Bakers Creationz won Pick n Pay’s 2022 Small Suppliers of the Year Awards (which recognises suppliers for their performance, sales growth or ability to create jobs over the last year) which Sithole said increased his confidence and “helped me to realise the areas I am falling short on, what I am doing right and what I need to improve on. Being part of Pick n Pay’s Enterprise and Supplier Development programme means that Pick n Pay is holding my hand and giving me confidence to develop my products.”

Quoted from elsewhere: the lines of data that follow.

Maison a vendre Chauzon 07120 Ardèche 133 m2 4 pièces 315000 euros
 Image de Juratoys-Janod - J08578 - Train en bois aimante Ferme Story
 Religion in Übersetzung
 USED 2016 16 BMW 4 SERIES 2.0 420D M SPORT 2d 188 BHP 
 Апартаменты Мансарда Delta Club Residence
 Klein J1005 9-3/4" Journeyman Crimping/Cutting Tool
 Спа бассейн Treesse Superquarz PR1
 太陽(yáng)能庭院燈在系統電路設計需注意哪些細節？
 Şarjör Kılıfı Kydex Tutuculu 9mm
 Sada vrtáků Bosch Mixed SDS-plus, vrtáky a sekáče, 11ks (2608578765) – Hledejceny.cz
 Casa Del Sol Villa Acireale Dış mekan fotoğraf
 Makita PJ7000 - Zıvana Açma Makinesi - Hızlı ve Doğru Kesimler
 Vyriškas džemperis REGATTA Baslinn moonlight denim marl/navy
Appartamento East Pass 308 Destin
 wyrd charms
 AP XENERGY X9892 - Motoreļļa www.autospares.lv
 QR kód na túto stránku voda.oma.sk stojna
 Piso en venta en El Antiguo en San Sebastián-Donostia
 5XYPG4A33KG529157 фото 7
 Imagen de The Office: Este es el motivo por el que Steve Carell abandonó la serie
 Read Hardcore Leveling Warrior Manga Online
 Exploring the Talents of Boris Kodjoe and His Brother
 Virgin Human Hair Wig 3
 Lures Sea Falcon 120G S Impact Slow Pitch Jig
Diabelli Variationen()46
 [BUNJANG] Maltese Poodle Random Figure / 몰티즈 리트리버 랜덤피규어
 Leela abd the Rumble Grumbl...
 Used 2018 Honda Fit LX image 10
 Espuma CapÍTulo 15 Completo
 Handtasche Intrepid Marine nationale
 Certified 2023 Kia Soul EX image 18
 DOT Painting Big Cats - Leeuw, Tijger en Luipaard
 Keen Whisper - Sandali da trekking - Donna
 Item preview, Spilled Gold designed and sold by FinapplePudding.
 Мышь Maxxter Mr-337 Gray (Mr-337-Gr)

He says, “My vision and goal for this year are to continue expanding to all other Pick n Pay regions, and to extend and increase product lines. I’ve got a couple of ideas for cakes, especially for Pick n Pay. We just need to finalise packaging and the practicality of shipping, as the product needs to arrive at your customer in excellent condition.”
When asked if he enjoys his cake for his birthday, he says he has never had one on his special day – despite being surrounded by cake. “Nurturing a growing business is hard work and I have even had to work on my birthday. I am hoping to be able to build the business to a point where I can take time off and celebrate properly,” says Sithole.